Ulster hymnwriters (6)

This morning our pastor continued with a series entitled Reality Check [Consider your ways Haggai 1:5] and he spoke on the subject of prayer.  As the final hymn we sang one of the best-known hymns about prayer, What a Friend we have in Jesus, which was written by an Ulsterman, Joseph M Scriven (1819-1886).
What a friend we have in Jesus,
All our sins and griefs to bear
What a privilege to carry
Everything to God in prayer!
O what peace we often forfeit,
O what needless pain we bear,
All because we do not carry
Everything to God in prayer!
Joseph Scriven was born on 10 September 1819 at Ballymoney Lodge, Seapatrick, near Banbridge, in county Down. He was the third and youngest son of Captain John Scriven and his wife Jane.  Scriven was educated at Trinity College, Dublin, and while he was there he heard the Christian gospel and was converted.

After two years at Trinity he decided on a military career and went to Addiscombe Military College in Surrey but poor health compelled him to give up this idea and he returned to Trinity, from which he graduated in 1842. In the same year he was engaged to be married and the wedding was arranged for the summer of 1844 but just before his wedding day his fiancee was accidentally drowned in the river Bann. 

Joseph Scriven, who was then just 24 years old, decided to emigrate to Canada and start a new life there. The reason for emigrating is unknown and some believe it was because he did not want to be near the place where his fiancee had died while others think it was because he had joined the Plymouth Brethren and this had led to strained relations at home. Whatever the reason he settled at Port Hope, Ontario, and was a teacher and a preacher with the Brethren. 

When he arrived in Canada, Scriven became a tutor for a young man in a family near Rice Lake, Ontario, and he lived with different families in Woodstock, Brantford, Hamilton and Bewdley.
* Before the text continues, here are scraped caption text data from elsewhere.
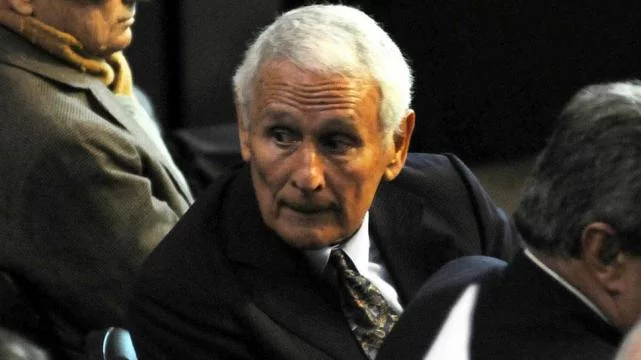 Piden 25 años de prisión para Etchecolatz y otros tres represores por el secuestro de una pareja en La Plata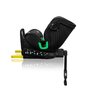 Scaun auto, Lionelo, Harmony i-Size, Rotire 360 grade, Protectie laterala, Cu spatar reglabil in 5 pozitii, Cu tetiera reglabila in 12 pozitii, 0-36 Kg, 40-150 cm, Cu Isofix, Husa din bambus, Conform cu ECE R129, Gri inchis - 15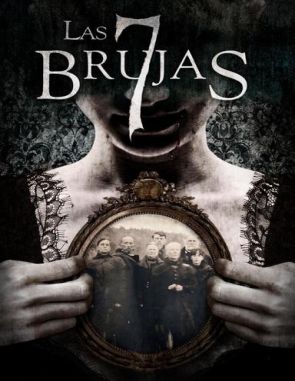 7 brujas (2017) (Películas)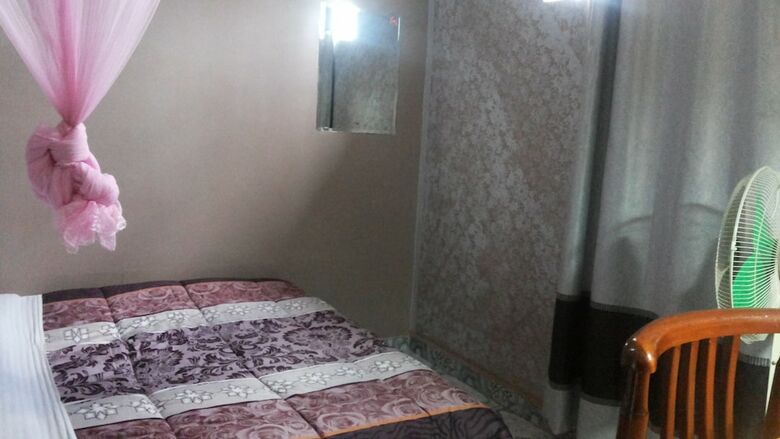 Hotel Gaf Apartments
He also fell in love with a young woman called Eliza Roche but she became ill and after three years of sickness she died in 1855. During that time Scriven spent much time with her and helped with her nursing care. Her body was laid to rest in a small hillside cemetery overlooking Rice Lake, just outside Bewdley in Ontario.  Out of this tragic experience was born the hymn What a Friend we have in Jesus.  At one time Scriven was asked how he had managed to compose it and he replied, ‘The Lord and I did it between us.’ He also said that he had written it to console his mother back in Ulster. 

On 10 October 1886 Joseph Scriven was found drowned in a water-run near Lake Rice and he was laid to rest in the little cemetery beside his sweetheart Eliza. 

The words of What a Friend we have in Jesus were first published anonymously in Horace L Hastings' Social Hymns, Original and Selected in 1865 but Scriven was given credit as the author in Hastings' Songs of Pilgrimage in 1886. A collection of Scriven's verses was published under the title Hymns and Other Verses in 1869 at Peterborough, Ontario.